* MLPs offer relatively high yields and cash distributions
* New products give investors easier access to MLPs
* But advisers warn of dangers of overheating in sector
NEW YORK, Aug 31 (Reuters) - Investors in search of a decent yield are piling into master limited partnerships (MLPs), creating a concern among some advisers that there may be a bubble forming in this once quiet segment of the market.
A range of new exchange-traded products and mutual funds has made it easier than ever for retail investors to access MLPs.
“The floodgates have opened,” said Bill Parsons, a financial adviser at Scottsboro, Alabama-based Mainsail Asset Management. “But ultimately it’s a small-capacity asset class and it’s limited as to how much money can pile in.”
The market capitalization of MLPs is currently around $193 billion, up from just $71 billion in 2005, according to Wells Fargo & Co WFC.N.
The attraction is easy to see. These publicly traded partnerships, which are mostly invested in the energy sector, provide investors with relatively high and predictable cash distributions. The majority of the distributions are tax-deferred until the investor sells the shares.
The average yield on MLPs is currently around 5 to 7 percent, versus 2.5 percent for 10-year Treasuries. MLP yields are projected to grow by 5 percent per year, according to Morningstar Inc MORN.O.
Still, this is not the place for bargain-hunters. During the downturn, the Alerian MLP Index, which tracks 50 of the largest energy MLPs, more than halved in value, trading at $152 in November 2008. It is now back up to around $320. Morningstar analyst Jason Stevens believes the investments are now fairly priced.
A range of new financial products is likely to create even more interest in MLPs.
Last week, Alerian launched the first MLP exchange-traded fund designed to track the Alerian MLP Infrastructure Index. This follows the MLP exchange-traded notes (ETNs) unveiled by both UBS UBSN.VX and Credit Suisse CSGN.VX Cushing earlier this year, which provided some competition to JPMorgan Chase & Co's JPM.N ETN launched in April 2009. SteelPath Fund Advisors also launched the first MLP open-ended mutual funds in March.
The expense ratio on the ETF and ETNs is 0.85 percent, while the mutual funds charge around 1 to 1.5 percent.
By using exchange-traded products and mutual funds, investors also avoid the tricky tax forms, (a K1 instead of the usual 1099) that direct investors in the partnerships receive.
Parsons, the Alabama-based adviser, is concerned that a rush of new retail investors may drive yields lower while increasing risk. Institutional investors tend to avoid MLPs due to tax complications.

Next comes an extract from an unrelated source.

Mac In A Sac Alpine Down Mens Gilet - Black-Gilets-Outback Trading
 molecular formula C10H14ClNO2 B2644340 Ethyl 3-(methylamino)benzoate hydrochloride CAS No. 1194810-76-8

“They’re hot right now and they’re attracting a lot of money, but retail investors are fickle and can sell in a panic,” said Parsons, who invests selectively in MLPs.
All of the hype has also given some investors the false impression that MLPs are risk free, Parsons added.
As MLPs distribute the majority of their earnings to their shareholders, they rely heavily on being able to tap the credit markets to fund new projects. When the markets froze, the investments plunged.
Morningstar’s Stevens described the threat of another credit crunch as the “sword that hangs over the head of MLPs.” Still, he added that during the downturn, the majority of MLPs managed to maintain their distributions to investors, in contrast to a number of companies that cut or eliminated their dividends.
Lee Munson, an adviser at Albuquerque, New Mexico-based Portfolio LLC, said MLPs are the “secret sauce” of his clients’ portfolios and he invests around 10 to 25 percent of an average portfolio in the assets. But he also preaches caution.
“Everyone is talking about them but this is a tiny market and it’s misunderstood,” he said.
Munson recommends sticking to large cap offerings as smaller partnerships can be volatile and are more likely to cut their distributions.
He and Parsons both agree that while MLPs can provide a nice income stream it is essential to diversify client portfolios.
“It has been an important asset class,” said Parsons. “But at the end of the day, it’s not a silver bullet so make sure you don’t overallocate.”